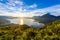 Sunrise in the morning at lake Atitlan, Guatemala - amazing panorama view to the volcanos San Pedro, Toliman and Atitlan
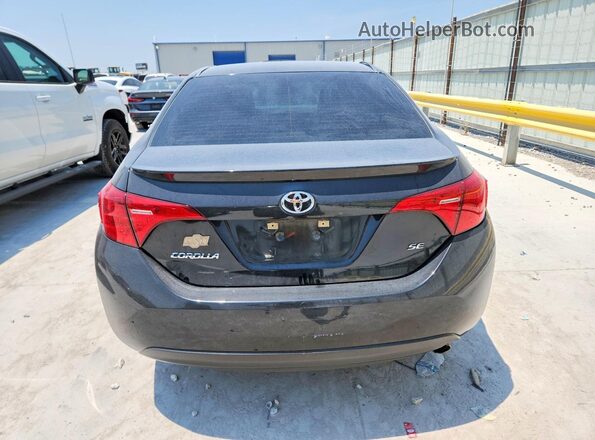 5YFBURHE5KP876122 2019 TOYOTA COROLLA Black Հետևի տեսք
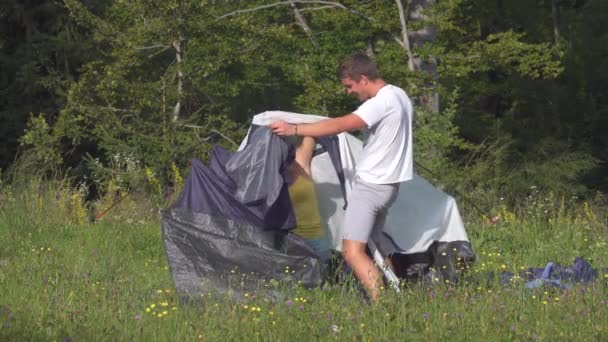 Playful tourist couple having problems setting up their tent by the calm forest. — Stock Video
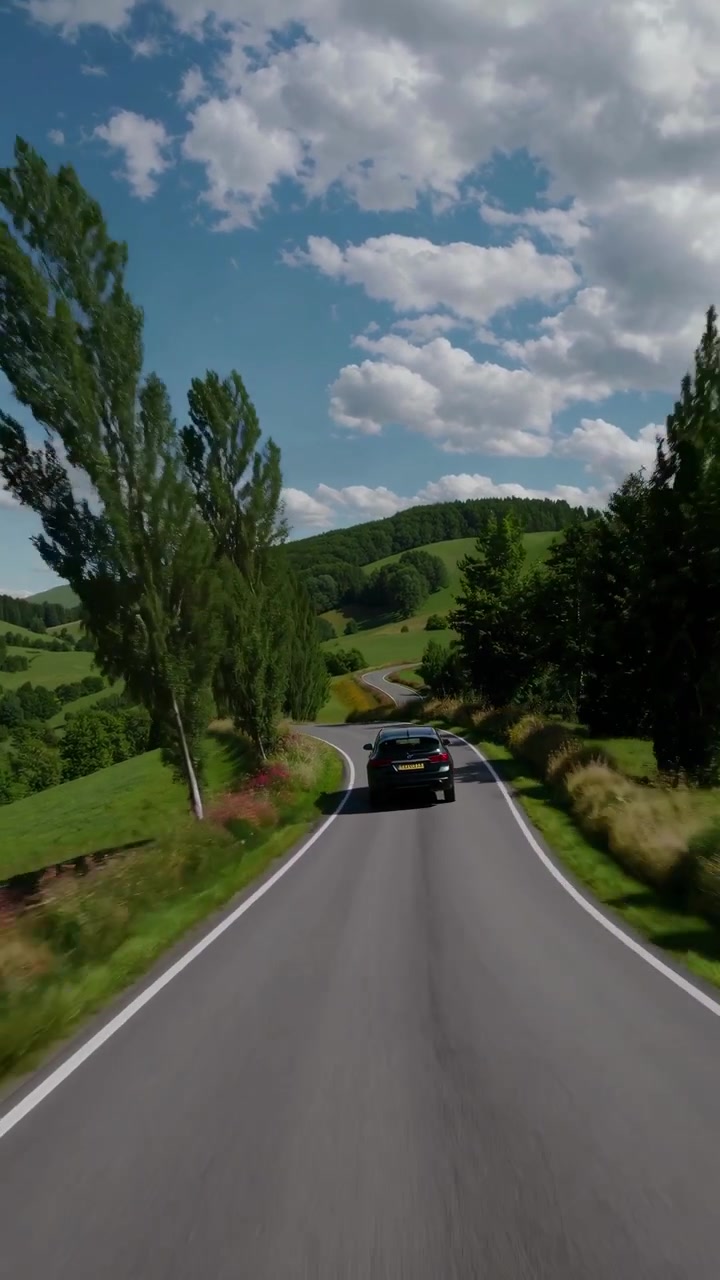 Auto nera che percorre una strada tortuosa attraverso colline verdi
---
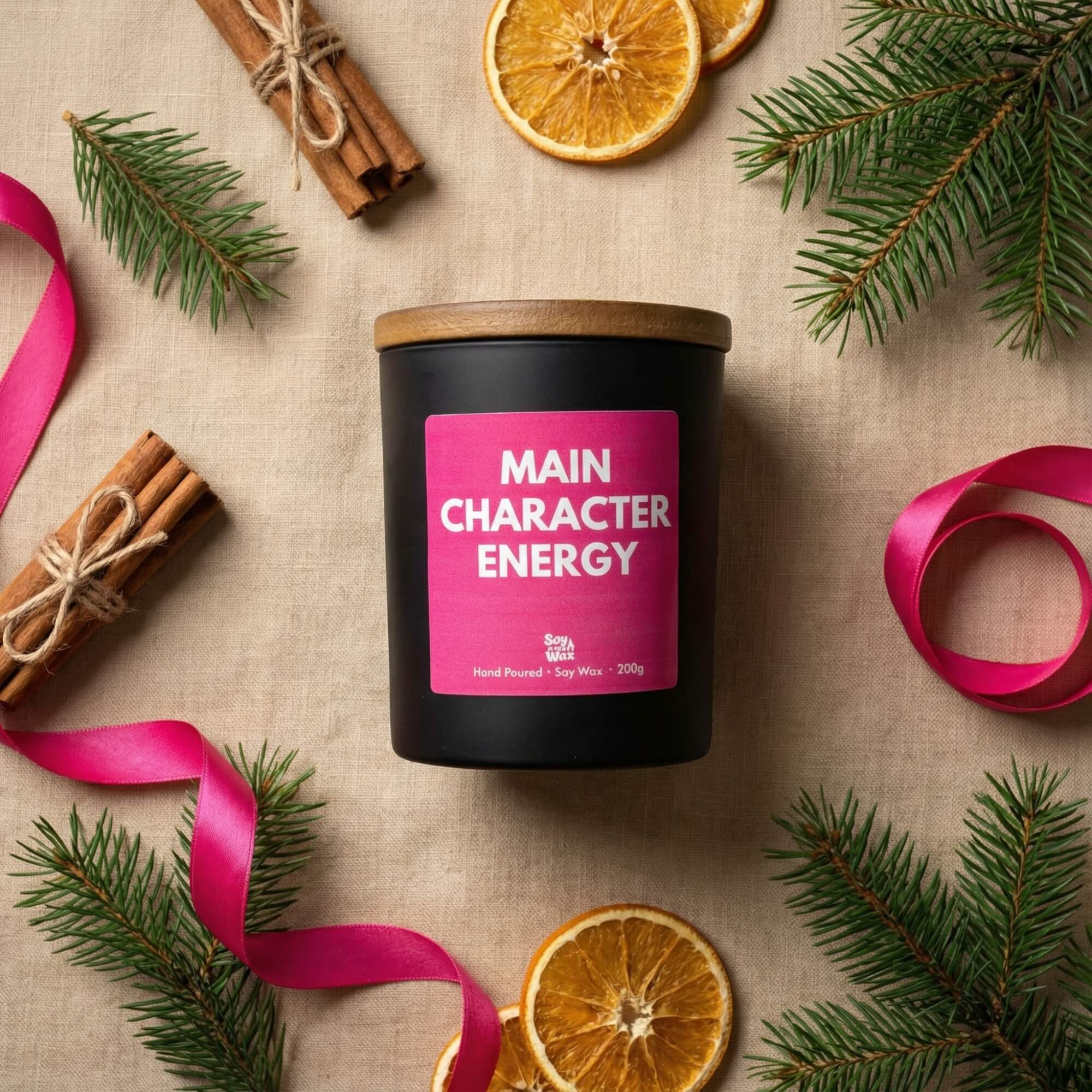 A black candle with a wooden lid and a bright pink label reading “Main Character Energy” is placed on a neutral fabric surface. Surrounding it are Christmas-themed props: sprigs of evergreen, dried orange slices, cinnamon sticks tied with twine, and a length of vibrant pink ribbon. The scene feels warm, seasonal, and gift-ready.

» **TASK DETAILS**: Copy word for word only the lines above from the one with "Sunrise in the" through the one with "Auto nera che". Leave pictures out.

» **EXPECTED ANSWER**:
 Sunrise in the morning at lake Atitlan, Guatemala - amazing panorama view to the volcanos San Pedro, Toliman and Atitlan
 5YFBURHE5KP876122 2019 TOYOTA COROLLA Black Հետևի տեսք
 Playful tourist couple having problems setting up their tent by the calm forest. — Stock Video
 Auto nera che percorre una strada tortuosa attraverso colline verdi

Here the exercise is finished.